Start of Data for review

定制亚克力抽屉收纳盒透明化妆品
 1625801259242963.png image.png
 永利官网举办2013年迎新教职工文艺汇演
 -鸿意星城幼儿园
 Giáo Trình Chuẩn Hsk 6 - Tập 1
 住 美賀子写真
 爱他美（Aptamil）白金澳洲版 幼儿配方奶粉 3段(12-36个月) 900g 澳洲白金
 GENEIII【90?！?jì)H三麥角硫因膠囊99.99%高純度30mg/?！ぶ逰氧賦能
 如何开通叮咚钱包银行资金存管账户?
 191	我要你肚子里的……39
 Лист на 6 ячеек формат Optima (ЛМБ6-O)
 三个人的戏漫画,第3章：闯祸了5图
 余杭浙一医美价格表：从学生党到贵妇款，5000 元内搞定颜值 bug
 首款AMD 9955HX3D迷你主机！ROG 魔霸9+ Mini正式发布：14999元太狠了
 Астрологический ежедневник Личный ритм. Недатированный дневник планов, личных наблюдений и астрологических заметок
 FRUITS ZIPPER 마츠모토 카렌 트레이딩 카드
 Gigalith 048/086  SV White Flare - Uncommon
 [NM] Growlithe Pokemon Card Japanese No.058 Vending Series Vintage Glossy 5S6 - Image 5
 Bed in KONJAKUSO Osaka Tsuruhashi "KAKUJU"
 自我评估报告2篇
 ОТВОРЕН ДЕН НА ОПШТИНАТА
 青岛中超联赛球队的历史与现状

End of Data for review

What is expected
Your task is to restate, word for word, only those lines above that fall between the line holding "Giáo Trình Chuẩn Hsk 6 - Tập 1" and the line holding "FRUITS ZIPPER 마츠모토 카렌 트레이딩 카드", inclusive.

Written response
 Giáo Trình Chuẩn Hsk 6 - Tập 1
 住 美賀子写真
 爱他美（Aptamil）白金澳洲版 幼儿配方奶粉 3段(12-36个月) 900g 澳洲白金
 GENEIII【90?！?jì)H三麥角硫因膠囊99.99%高純度30mg/?！ぶ逰氧賦能
 如何开通叮咚钱包银行资金存管账户?
 191	我要你肚子里的……39
 Лист на 6 ячеек формат Optima (ЛМБ6-O)
 三个人的戏漫画,第3章：闯祸了5图
 余杭浙一医美价格表：从学生党到贵妇款，5000 元内搞定颜值 bug
 首款AMD 9955HX3D迷你主机！ROG 魔霸9+ Mini正式发布：14999元太狠了
 Астрологический ежедневник Личный ритм. Недатированный дневник планов, личных наблюдений и астрологических заметок
 FRUITS ZIPPER 마츠모토 카렌 트레이딩 카드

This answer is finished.